#### Your instructions
Write the data out in full and word for word. Do not include images.

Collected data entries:
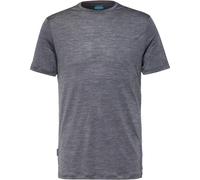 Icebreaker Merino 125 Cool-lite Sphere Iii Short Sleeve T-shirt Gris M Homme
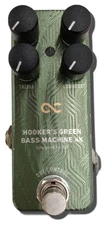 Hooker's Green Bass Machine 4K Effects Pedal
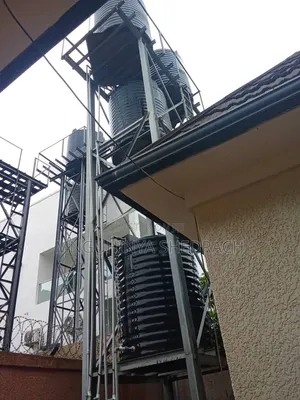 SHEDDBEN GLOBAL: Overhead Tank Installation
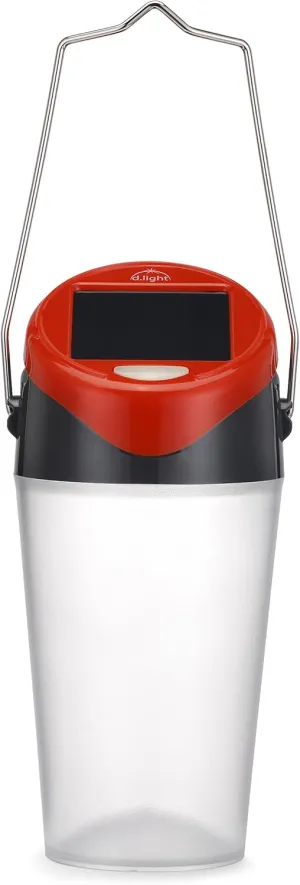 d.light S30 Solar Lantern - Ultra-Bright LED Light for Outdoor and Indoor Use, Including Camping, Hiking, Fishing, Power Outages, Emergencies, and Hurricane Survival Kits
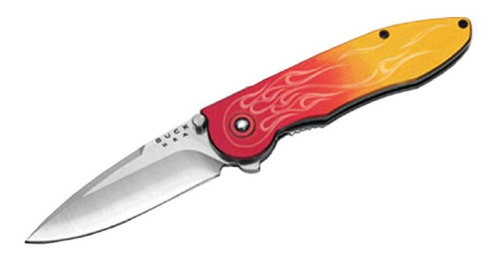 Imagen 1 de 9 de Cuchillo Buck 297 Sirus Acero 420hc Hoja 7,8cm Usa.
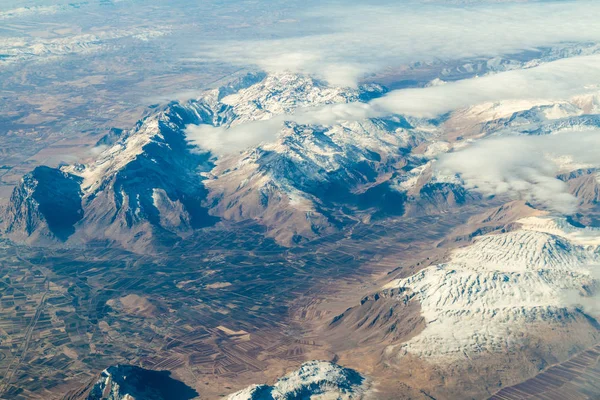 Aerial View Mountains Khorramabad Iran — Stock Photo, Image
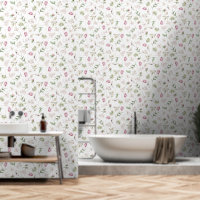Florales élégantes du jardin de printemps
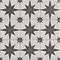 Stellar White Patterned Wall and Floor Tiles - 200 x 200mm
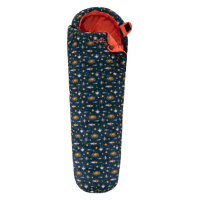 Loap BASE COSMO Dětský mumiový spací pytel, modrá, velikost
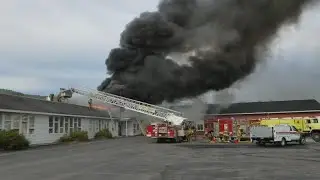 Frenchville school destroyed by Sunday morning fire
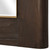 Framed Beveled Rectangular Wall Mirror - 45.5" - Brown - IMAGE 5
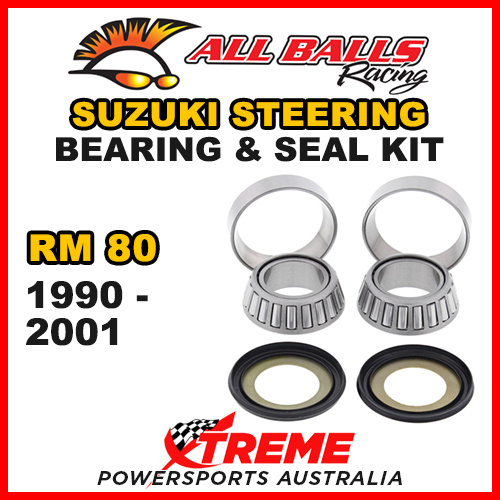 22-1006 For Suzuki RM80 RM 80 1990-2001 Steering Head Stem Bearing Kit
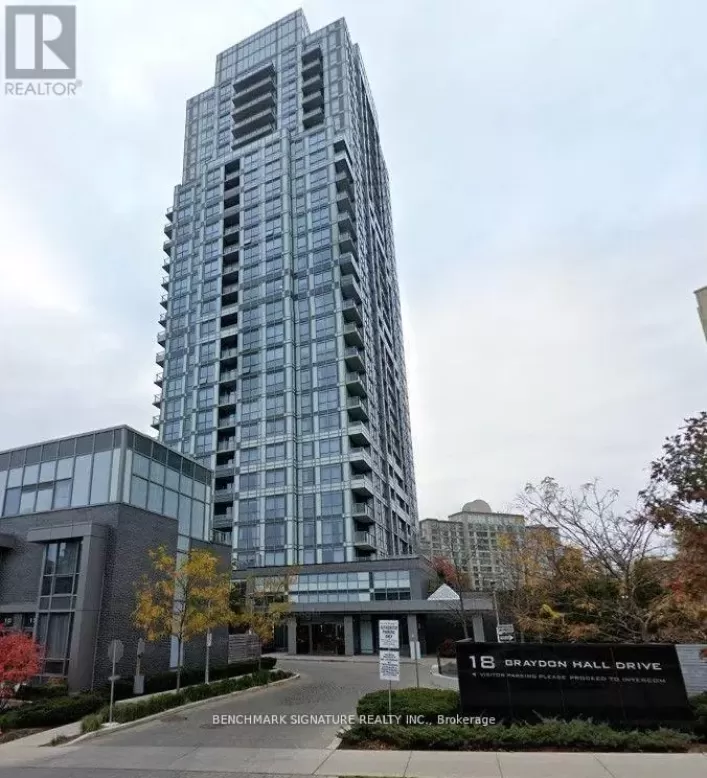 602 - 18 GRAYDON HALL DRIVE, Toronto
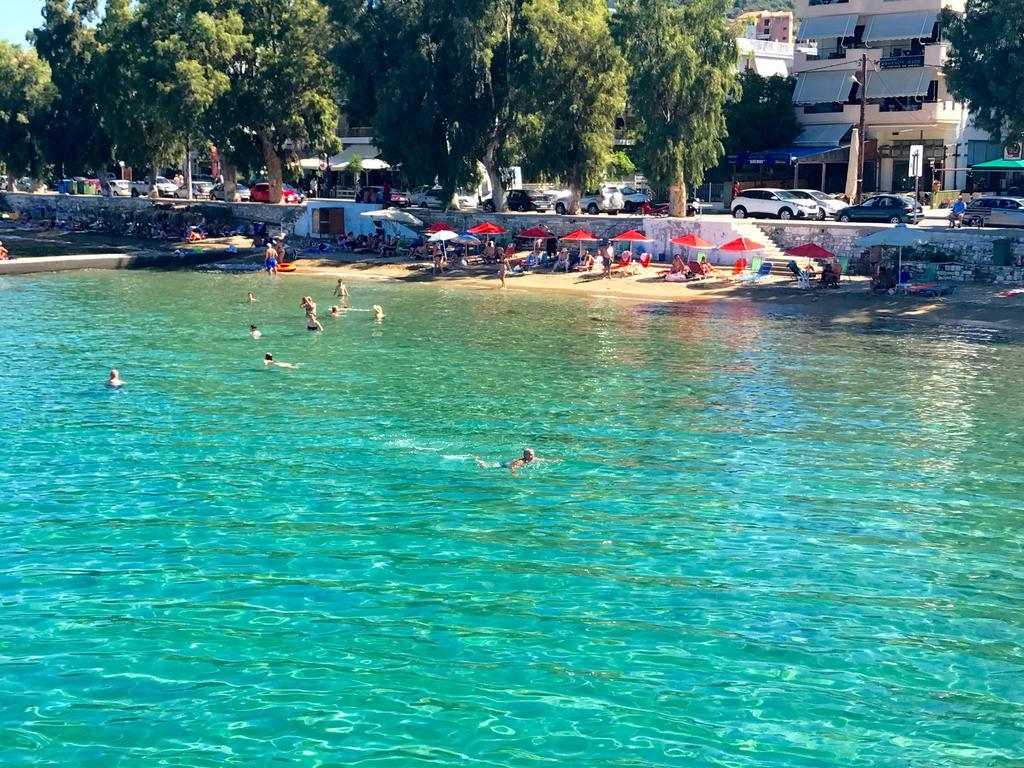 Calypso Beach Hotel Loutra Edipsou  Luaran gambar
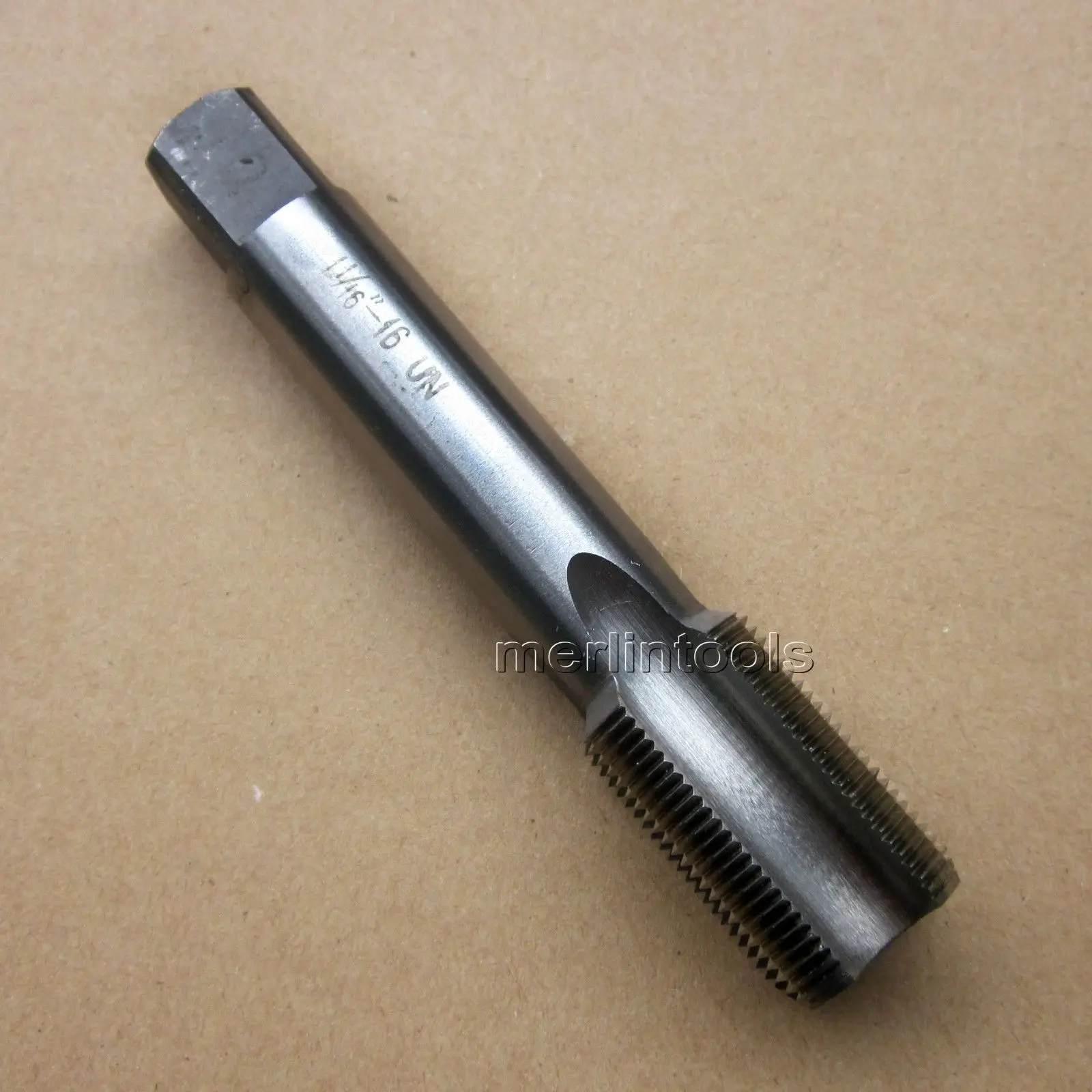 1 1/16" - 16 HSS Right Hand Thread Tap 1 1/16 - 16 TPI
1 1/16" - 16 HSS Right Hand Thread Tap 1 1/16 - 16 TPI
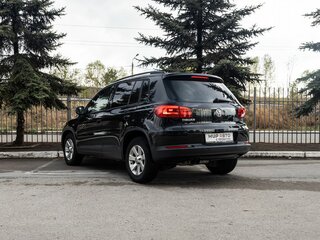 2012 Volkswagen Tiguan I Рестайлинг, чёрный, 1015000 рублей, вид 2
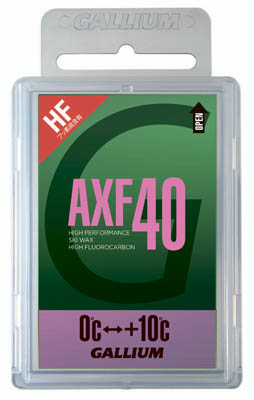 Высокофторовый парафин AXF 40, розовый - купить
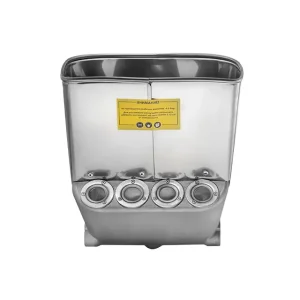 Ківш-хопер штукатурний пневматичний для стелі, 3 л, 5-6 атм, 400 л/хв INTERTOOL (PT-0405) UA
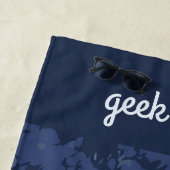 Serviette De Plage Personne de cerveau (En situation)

#### Solution
 Icebreaker Merino 125 Cool-lite Sphere Iii Short Sleeve T-shirt Gris M Homme
 Hooker's Green Bass Machine 4K Effects Pedal
 SHEDDBEN GLOBAL: Overhead Tank Installation
 d.light S30 Solar Lantern - Ultra-Bright LED Light for Outdoor and Indoor Use, Including Camping, Hiking, Fishing, Power Outages, Emergencies, and Hurricane Survival Kits
 Imagen 1 de 9 de Cuchillo Buck 297 Sirus Acero 420hc Hoja 7,8cm Usa.
 Aerial View Mountains Khorramabad Iran — Stock Photo, Image
Florales élégantes du jardin de printemps
 Stellar White Patterned Wall and Floor Tiles - 200 x 200mm
 Loap BASE COSMO Dětský mumiový spací pytel, modrá, velikost
 Frenchville school destroyed by Sunday morning fire
 Framed Beveled Rectangular Wall Mirror - 45.5" - Brown - IMAGE 5
 22-1006 For Suzuki RM80 RM 80 1990-2001 Steering Head Stem Bearing Kit
 602 - 18 GRAYDON HALL DRIVE, Toronto
 Calypso Beach Hotel Loutra Edipsou  Luaran gambar
 1 1/16" - 16 HSS Right Hand Thread Tap 1 1/16 - 16 TPI
1 1/16" - 16 HSS Right Hand Thread Tap 1 1/16 - 16 TPI
 2012 Volkswagen Tiguan I Рестайлинг, чёрный, 1015000 рублей, вид 2
 Высокофторовый парафин AXF 40, розовый - купить
 Ківш-хопер штукатурний пневматичний для стелі, 3 л, 5-6 атм, 400 л/хв INTERTOOL (PT-0405) UA
 Serviette De Plage Personne de cerveau (En situation)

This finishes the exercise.